Here's something I posted on another thread on another board...
With English, not only should you be writing a lot of essays in the lead-up to exams, but try to perfect each essay you do. For example, let's say three weeks away from the exam you focus entirely on context that week. Write out a context essay and give it to your teacher to mark. Get some feedback from him/her and then write a new and improved essay the next day. Keep doing this over and over until you're entirely satisfied with your mark and feel that you can pull off a quality essay on the exam. You might be reading this and thinking 'crap...that's a lot of essays' but trust me, when you're less than a month away from exams then you will want to write heaps of essays - I never stopped and thought 'wow I have to do lots of essays' - just achieve your short-term goals and eventually your long-term goal will be reached. Another small tip: for context, make sure you have somewhat of a template or format to your essay that can be easily adapted to the prompt they give you. I had a fully memorised piece that could be adapted to any prompt and that saved me SO much time on the exam. Ended up scoring 10/10 for it.
There is such thing as studying for English without writing actual essays, such as practicing introductions, explaining quotes and writing up character profiles. I used the York Notes Advanced study guide for text response, seriously the quality of stuff in there is guaranteed to get you a 45+ if you read it thoroughly and jot down useful phrases that you could incorporate into any essay. Try to have a memorised introduction to your text response too, but of course one that can be adapted to the question given to you. I got 9/10 on my text response in the exam.

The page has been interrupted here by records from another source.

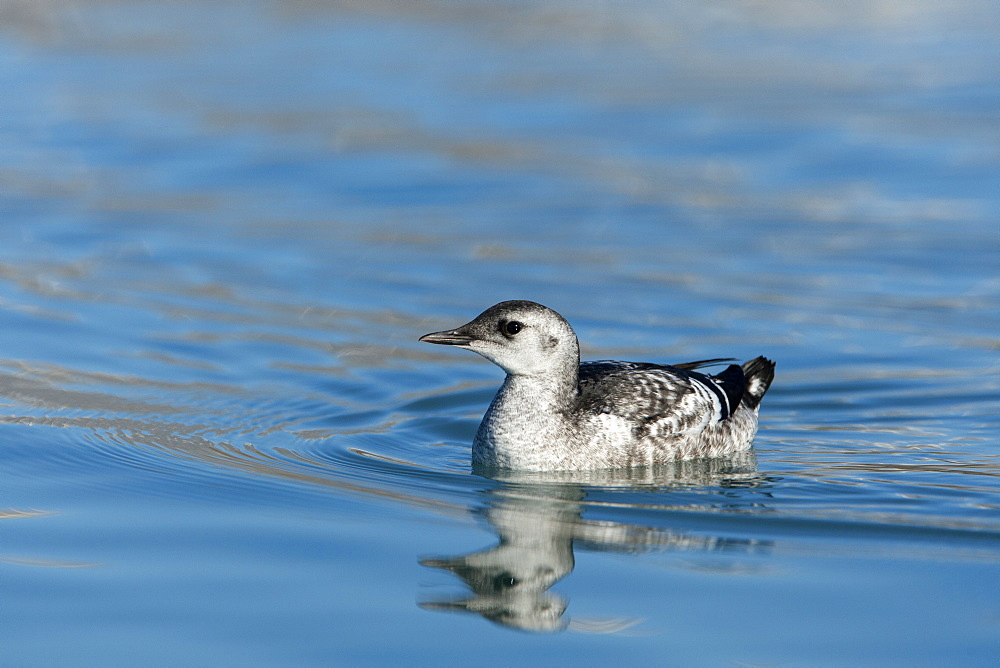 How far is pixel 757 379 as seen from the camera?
10.3 meters

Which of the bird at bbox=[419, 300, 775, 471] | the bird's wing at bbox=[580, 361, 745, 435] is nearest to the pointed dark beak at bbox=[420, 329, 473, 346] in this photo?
the bird at bbox=[419, 300, 775, 471]

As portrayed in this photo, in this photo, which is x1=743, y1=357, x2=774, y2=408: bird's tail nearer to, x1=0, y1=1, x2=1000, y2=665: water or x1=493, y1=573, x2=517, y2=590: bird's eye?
x1=0, y1=1, x2=1000, y2=665: water

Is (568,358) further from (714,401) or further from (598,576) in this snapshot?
(598,576)

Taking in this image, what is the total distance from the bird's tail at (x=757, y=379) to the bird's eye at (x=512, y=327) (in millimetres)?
2084

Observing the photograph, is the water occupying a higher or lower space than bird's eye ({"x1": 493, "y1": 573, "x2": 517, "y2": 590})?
higher

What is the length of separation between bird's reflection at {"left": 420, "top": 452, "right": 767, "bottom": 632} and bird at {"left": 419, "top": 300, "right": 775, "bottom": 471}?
120 millimetres

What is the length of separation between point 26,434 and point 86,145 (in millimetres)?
11469

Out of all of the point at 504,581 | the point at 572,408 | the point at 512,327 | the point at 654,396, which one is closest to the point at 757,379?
the point at 654,396

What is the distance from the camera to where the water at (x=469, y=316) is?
21.5 ft

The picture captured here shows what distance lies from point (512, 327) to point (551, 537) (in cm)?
168

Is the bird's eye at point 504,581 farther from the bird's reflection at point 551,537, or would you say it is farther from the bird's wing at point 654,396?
the bird's wing at point 654,396

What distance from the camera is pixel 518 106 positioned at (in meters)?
22.1

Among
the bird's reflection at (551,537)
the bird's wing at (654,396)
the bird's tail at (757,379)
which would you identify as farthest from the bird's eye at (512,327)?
the bird's tail at (757,379)

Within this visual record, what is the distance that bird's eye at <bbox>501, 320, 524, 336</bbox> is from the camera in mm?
8848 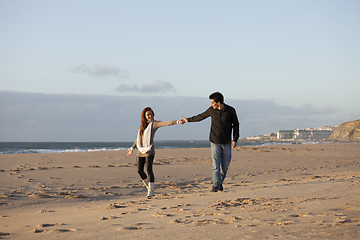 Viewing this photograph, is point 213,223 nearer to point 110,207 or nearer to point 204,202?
point 204,202

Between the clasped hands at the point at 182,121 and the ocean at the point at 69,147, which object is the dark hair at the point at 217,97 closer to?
the clasped hands at the point at 182,121

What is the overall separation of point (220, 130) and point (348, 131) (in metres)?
109

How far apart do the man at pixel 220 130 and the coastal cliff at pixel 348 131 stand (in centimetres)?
10146

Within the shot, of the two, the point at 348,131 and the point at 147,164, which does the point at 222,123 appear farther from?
the point at 348,131

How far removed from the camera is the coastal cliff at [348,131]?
102m

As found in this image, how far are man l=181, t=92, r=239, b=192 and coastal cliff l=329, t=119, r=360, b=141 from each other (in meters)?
101

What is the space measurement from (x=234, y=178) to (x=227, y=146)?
3506 millimetres

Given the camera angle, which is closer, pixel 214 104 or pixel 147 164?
pixel 214 104

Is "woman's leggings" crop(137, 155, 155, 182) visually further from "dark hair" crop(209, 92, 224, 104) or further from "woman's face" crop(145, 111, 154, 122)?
"dark hair" crop(209, 92, 224, 104)

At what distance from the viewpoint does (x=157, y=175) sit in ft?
37.7

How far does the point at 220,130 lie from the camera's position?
7559 millimetres

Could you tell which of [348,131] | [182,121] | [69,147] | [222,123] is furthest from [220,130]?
[348,131]

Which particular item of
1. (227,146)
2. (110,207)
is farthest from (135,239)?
(227,146)

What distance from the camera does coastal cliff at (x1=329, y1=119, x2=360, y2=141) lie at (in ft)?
336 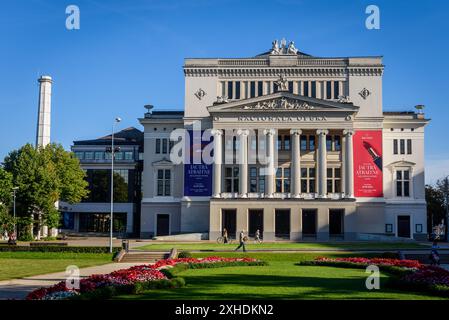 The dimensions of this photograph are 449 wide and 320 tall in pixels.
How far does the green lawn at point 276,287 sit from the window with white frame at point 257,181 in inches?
1707

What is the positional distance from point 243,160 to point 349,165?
561 inches

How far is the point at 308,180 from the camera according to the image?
74.7 meters

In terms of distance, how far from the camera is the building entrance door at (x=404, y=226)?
76.6 meters

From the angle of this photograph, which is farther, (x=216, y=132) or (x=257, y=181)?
(x=257, y=181)

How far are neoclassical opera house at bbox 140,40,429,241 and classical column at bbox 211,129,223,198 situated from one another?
0.45 ft

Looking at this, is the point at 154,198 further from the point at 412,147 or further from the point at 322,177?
the point at 412,147

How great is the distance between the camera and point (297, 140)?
73250 mm

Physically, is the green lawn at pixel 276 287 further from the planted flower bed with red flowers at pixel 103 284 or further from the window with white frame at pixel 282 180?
the window with white frame at pixel 282 180

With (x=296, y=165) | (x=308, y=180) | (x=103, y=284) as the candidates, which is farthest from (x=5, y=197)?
(x=103, y=284)

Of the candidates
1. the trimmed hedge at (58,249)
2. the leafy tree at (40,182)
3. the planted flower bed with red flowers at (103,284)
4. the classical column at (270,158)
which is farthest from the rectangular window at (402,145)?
the planted flower bed with red flowers at (103,284)

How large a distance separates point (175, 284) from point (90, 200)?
230 feet

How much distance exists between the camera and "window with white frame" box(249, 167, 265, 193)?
7450 centimetres

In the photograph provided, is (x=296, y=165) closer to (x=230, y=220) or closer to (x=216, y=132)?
(x=230, y=220) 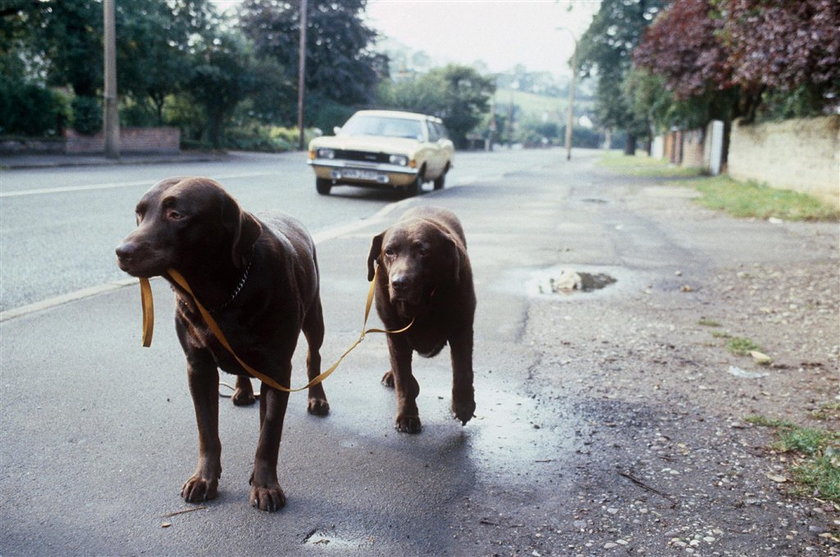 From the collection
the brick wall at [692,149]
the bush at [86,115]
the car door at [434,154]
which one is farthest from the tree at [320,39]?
the car door at [434,154]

I'll be honest and say I did zero study for language analysis, matter of fact I probably did 5 language analysis essays for the whole year, I still pulled off a 10/10 for it on the exam but personally I found it to be easy (DO NOT DO WHAT I DID FOR LANGUAGE ANALYSIS - every person has their own strengths and weaknesses so this may not apply to you). I did end up getting 46 which I was happy with, but my teacher marked SACs very harshly. I'm not fussed now though.